I am running into an issue that saving a numpy array after indexing results in much slower saving. A minimal reproducible example can be seen below:
import time
import numpy as np
def mre(save_path):
array = np.zeros((245, 233, 6))
start = time.time()
for i in range(1000):
with open(save_path + '/array1_' + str(i), "wb") as file:
np.save(file, array)
end = time.time()
print(f"No indexing: {end - start}s")
array2 = array[:,:,[0,1,2,3,4,5]]
start = time.time()
for i in range(1000):
with open(save_path + '/array2_' + str(i), "wb") as file:
np.save(file, array2)
end = time.time()
print(f"With indexing: {end - start}s")
print("Arrays are equal: ", np.array_equal(array, array2))
Which results in:
No indexing: 2.9975574016571045s
With indexing: 10.408239126205444s
Arrays are equal: True
So according to numpy the arrays are equal, but still the resulting saving times are significantly slower. Does anyone have an idea as to why this is?

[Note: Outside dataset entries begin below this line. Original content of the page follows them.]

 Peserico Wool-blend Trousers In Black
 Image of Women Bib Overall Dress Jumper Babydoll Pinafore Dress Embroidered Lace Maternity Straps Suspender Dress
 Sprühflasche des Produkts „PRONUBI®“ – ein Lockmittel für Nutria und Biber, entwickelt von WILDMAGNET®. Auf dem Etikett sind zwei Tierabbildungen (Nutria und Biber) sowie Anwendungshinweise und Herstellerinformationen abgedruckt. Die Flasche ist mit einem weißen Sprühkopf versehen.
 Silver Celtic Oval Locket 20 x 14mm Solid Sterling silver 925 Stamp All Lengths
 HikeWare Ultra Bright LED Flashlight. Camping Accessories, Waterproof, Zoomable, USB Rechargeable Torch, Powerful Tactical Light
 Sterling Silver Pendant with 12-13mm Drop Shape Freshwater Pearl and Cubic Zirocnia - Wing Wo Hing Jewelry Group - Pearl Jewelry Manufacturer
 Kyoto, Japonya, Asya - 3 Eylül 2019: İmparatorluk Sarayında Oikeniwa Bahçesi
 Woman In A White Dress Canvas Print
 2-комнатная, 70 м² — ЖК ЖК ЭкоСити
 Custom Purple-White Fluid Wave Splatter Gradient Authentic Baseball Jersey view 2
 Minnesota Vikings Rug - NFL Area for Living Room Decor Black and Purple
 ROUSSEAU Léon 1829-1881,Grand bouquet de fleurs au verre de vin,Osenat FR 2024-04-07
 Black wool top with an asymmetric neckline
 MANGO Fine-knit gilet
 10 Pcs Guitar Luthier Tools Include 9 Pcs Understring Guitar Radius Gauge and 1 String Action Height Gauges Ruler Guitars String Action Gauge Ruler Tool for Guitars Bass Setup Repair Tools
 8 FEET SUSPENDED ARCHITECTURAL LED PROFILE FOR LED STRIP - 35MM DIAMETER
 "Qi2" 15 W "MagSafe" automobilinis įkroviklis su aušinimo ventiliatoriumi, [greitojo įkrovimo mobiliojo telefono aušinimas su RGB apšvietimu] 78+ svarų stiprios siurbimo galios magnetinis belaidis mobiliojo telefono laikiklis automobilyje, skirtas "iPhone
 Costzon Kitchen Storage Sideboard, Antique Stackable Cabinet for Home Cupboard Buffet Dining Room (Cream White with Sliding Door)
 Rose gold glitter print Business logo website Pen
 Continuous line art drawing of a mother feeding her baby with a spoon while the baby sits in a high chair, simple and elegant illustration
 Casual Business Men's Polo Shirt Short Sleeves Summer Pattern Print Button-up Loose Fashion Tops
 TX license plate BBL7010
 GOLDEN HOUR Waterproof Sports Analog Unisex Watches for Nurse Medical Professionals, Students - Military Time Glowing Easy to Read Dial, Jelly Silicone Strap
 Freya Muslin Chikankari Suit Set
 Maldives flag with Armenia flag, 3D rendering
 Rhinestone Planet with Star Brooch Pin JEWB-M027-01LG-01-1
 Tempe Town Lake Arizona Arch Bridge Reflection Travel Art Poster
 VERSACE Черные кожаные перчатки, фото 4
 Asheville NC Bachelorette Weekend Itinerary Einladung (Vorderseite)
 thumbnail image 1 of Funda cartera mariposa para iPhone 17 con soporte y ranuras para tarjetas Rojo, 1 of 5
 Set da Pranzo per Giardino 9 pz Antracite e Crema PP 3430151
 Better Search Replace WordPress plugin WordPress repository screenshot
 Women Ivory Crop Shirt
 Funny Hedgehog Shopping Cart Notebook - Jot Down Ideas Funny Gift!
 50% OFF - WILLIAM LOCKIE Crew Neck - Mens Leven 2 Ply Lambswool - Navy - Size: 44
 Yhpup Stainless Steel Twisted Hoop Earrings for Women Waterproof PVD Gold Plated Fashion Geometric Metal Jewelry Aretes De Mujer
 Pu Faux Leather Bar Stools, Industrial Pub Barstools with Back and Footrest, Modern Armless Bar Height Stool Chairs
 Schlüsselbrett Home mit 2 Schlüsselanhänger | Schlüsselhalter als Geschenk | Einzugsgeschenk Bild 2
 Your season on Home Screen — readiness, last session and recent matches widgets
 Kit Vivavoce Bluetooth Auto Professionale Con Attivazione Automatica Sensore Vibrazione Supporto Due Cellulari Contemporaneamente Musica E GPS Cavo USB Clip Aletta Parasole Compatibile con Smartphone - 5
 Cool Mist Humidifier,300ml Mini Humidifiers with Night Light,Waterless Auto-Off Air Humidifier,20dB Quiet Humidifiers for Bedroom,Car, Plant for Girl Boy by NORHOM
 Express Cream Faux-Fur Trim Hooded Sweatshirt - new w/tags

Have you tried to use the numpy.ascontiguousarray() function ? This function is useful when working with arrays that have a non-contiguous memory layout, as it can improve performance by ensuring that the data is stored in contiguous memory locations.
Example
array2 = np.ascontiguousarray(array[:,:,[0,1,2,3,4,5]])
Output
No indexing: 6.80817985534668s
With indexing (contiguous copy): 6.550203800201416s